No começo de 2009, Lainder já trabalhava na Secretaria de Assuntos Estratégicos da Presidência e foi convidado para assumir um posto na Casa Civil no começo deste ano. Segundo o advogado de 31 anos, a Unicel tem perfil para operar o sistema de banda larga na área rural. No entanto, afirma que dificilmente a empresa ligada ao marido de Erenice teria condições de disputar o mercado, pela fragilidade de sua estrutura e pela baixa capacidade de sua frequência.
Ele conta que a empresa praticamente quebrou, após um dos sócios, a Hitz empresa estrangeira que entraria como sócia capitalista , ter brigado com os proprietários da companhia.
Hoje, segundo Veja, há milhares de ações na Justiça de usuários lesados contra a Unicel.
O advogado trabalha na mesma sala onde ficava Vinícius Castro, personagem central das denúncias de tráfico de influência na Casa Civil. Ele diz que trabalhou no Comitê Gestor da Banda Larga em prol de empresas de pequeno porte.

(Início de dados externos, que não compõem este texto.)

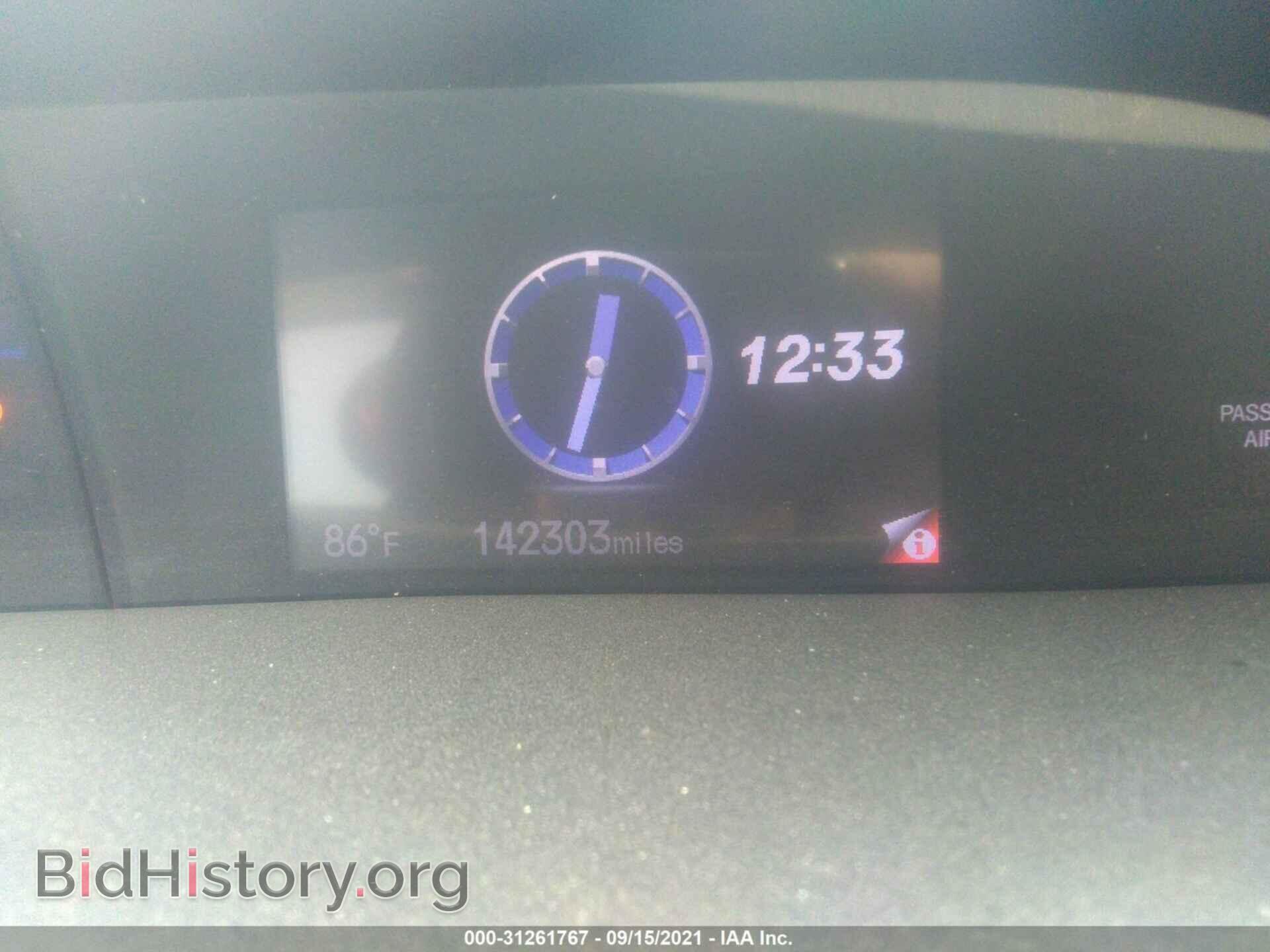 2012 HONDA CIVIC SDN - VIN: 2HGFB2F86CH529354 - Фото 7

Se o Steve Jobs (fundador da Apple) tivesse nascido no Brasil, a Apple não existiria.
No Brasil, só se você é grande você pode operar.
Essa é a minha motivação afirmou.
Lainder informou que tem documentos e disposição para prestar esclarecimentos à Casa Civil e aos órgãos competentes, para provar que não tem envolvimento com o esquema de tráfico de influência. Procurado, o marido de Erenice não retornou as ligações.